機能性胃腸症とはどんな病気?原因と対策を東洋医学の視点から徹底解説

お腹の不調
ピヨ先生
ピヨ先生

こんにちは
どうなさいましたか?

にゃんたろう
にゃんたろう

機能性胃腸症にお悩みの方から
質問をいただきましたよ

「お腹が空いているのに食べるとすぐ満腹になる」「少し食べただけで胃がもたれる」 このような胃の不快感でお悩みではないですか?

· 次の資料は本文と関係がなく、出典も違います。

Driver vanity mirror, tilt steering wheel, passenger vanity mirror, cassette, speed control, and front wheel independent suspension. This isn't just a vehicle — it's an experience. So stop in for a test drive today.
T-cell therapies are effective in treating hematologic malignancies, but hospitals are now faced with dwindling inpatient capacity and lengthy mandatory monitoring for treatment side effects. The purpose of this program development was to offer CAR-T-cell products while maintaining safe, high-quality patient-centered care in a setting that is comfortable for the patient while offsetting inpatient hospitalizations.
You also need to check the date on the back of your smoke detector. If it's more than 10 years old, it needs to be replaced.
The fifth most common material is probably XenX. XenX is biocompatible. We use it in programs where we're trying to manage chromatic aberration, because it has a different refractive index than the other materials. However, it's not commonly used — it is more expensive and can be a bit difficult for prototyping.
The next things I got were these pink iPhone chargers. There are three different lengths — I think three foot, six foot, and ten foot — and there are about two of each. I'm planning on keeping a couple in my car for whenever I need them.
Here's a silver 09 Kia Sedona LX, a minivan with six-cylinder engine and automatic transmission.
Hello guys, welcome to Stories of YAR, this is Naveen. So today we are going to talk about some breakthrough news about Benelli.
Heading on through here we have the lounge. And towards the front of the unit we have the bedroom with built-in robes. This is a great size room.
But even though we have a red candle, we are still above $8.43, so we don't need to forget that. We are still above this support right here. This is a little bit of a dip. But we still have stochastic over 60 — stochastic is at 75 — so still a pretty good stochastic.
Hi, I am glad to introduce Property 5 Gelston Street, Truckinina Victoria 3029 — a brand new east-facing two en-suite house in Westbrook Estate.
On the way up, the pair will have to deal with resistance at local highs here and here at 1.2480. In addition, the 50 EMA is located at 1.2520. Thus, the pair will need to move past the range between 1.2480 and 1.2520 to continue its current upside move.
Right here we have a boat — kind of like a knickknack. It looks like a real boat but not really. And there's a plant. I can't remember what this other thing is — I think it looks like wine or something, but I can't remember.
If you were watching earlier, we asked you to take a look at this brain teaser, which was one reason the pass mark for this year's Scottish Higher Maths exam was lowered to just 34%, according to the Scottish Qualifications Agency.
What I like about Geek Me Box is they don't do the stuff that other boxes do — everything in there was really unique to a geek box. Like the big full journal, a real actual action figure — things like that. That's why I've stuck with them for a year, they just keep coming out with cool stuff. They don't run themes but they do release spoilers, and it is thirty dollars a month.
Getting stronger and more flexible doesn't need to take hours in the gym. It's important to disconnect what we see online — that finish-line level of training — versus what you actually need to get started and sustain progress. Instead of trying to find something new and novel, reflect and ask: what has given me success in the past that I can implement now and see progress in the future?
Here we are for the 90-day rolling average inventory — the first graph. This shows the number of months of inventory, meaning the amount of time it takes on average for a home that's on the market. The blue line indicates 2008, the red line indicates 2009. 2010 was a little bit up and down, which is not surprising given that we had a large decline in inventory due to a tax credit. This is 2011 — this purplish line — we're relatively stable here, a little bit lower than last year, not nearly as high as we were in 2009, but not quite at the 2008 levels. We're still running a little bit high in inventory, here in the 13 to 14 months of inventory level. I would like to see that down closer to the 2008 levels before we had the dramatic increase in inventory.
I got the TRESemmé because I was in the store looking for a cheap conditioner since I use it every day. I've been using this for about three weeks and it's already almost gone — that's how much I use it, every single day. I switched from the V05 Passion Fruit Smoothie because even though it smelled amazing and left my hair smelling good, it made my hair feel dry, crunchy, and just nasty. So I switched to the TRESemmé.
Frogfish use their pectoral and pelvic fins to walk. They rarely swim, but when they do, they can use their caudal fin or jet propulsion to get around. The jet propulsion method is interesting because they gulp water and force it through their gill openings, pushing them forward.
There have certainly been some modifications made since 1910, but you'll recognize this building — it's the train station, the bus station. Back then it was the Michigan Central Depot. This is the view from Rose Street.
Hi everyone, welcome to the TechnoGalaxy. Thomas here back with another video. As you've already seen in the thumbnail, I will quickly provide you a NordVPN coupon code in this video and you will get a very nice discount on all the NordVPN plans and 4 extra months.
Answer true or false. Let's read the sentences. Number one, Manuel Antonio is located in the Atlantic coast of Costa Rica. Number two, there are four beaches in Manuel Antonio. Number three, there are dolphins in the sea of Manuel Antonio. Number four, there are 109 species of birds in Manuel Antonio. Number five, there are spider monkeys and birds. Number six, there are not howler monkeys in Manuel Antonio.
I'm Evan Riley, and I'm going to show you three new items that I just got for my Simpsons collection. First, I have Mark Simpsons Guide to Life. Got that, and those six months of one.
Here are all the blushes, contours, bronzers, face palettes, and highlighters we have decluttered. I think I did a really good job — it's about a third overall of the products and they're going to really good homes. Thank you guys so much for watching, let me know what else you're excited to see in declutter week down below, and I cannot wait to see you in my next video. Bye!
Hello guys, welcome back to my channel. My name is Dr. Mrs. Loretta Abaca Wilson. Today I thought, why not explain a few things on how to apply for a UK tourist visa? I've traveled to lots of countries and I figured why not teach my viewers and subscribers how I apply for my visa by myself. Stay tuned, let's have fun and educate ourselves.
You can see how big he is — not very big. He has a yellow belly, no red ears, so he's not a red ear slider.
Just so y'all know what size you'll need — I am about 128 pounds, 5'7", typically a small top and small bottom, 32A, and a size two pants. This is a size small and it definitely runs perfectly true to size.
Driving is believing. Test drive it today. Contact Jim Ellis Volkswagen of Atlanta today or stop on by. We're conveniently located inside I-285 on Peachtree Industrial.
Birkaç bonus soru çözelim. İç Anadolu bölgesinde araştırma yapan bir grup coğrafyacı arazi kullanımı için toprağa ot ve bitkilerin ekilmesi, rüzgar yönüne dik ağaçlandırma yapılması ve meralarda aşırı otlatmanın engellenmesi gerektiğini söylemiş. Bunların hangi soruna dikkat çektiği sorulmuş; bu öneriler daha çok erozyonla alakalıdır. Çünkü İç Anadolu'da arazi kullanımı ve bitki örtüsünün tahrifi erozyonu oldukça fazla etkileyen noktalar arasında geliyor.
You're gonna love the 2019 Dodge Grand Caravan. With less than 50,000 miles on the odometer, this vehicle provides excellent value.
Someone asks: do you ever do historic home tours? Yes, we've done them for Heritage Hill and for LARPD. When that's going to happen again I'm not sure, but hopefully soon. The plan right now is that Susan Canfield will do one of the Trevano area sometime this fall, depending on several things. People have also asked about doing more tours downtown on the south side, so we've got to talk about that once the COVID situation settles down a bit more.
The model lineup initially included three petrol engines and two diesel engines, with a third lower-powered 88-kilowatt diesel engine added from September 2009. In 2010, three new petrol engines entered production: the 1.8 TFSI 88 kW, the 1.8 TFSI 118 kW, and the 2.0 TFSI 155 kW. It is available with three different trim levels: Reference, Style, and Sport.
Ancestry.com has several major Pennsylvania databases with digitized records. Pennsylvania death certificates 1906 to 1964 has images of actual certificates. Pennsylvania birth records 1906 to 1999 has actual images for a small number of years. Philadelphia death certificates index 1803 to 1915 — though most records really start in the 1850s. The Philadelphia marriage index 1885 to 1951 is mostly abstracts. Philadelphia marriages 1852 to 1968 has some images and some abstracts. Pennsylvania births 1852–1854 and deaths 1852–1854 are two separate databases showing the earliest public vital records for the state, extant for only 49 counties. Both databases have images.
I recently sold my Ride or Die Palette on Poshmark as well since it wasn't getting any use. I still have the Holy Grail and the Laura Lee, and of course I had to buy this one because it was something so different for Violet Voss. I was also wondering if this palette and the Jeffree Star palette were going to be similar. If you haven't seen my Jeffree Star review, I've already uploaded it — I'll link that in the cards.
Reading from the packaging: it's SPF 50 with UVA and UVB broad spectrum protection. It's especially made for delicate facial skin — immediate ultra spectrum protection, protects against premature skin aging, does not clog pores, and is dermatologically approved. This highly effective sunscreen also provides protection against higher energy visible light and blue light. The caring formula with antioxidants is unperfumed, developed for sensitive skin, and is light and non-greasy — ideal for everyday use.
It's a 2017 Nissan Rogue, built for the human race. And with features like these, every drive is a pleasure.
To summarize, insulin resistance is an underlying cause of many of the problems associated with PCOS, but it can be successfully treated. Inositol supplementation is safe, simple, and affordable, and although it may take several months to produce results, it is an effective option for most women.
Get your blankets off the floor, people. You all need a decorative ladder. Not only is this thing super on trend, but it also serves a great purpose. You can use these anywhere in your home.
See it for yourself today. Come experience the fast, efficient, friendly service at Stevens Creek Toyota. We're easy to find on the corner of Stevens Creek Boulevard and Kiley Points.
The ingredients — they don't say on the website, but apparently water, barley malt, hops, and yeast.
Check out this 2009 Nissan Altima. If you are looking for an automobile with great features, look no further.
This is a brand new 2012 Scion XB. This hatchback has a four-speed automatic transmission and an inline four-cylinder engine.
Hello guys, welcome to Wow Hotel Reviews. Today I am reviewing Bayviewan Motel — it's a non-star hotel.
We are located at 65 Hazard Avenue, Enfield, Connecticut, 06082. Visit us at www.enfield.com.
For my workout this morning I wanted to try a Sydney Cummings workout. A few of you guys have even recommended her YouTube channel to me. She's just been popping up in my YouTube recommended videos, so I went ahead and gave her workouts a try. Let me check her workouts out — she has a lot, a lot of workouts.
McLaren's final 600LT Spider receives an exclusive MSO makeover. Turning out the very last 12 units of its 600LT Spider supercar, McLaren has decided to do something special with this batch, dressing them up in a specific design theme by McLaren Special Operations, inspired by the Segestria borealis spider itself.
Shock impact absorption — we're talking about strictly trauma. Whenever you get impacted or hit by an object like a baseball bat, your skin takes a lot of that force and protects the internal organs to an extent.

機能性胃腸症は、検査をしても明らかな原因が見つからないにもかかわらず、様々な胃腸の不調を引き起こす厄介な症状です。西洋医学では解決が難しいケースも、東洋医学の視点から見ると、体の状態や気の流れに関する深い洞察が得られることがあります。

今回は、機能性胃腸症と診断された38歳男性の体験談をもとに、東洋医学の観点からこの症状の原因と対策について詳しく解説していきます。ぜひ最後までお読みいただき、ご自身の体質改善のヒントにしていただければ幸いです。

今回の相談者の外見的な特徴とお悩みの症状

まずは相談者の方の基本情報を確認してみましょう。

外見的な特徴

  • 38歳の男性
  • 身長:170cm
  • 体重:51kg
  • BMI:17.65
  • 顔色:白っぽい
  • 髪の毛:細い
  • 舌の形:白くて厚い
  • 舌の苔:白くて中央から奥にかけて厚い

主な症状:

  • 4年前に機能性胃腸症と診断され、漢方薬と西洋薬を継続服用中
  • 現在は健胃顆粒、アコファイド、晶三仙を使用
  • お腹が空いているのに食べるとすぐ満腹になる
  • ゲップが出る
  • 胃もたれを感じる
  • 夕食は寝る2〜3時間前に済ませ、食べ過ぎないよう注意している
  • 朝は食欲がなく、最近1ヶ月は味噌汁やバナナを食べるよう努力している
  • 症状は突然悪化することがある

機能性胃腸症とはどのような病気なのでしょうか?

機能性胃腸症は、検査をしても明らかな原因となるような炎症や潰瘍などの異常が見つからないにもかかわらず、胃もたれ胃痛食後のもたれ少し食べるだけでお腹がいっぱいになるなどの不快な症状を感じる病気です。

現代医学的には、ストレスなどが原因となることで、胃の働きや動きが悪くなったり、胃の粘膜を保護する粘液の分泌が低下したりして、知覚が過敏になってしまうことが関係していると言われています。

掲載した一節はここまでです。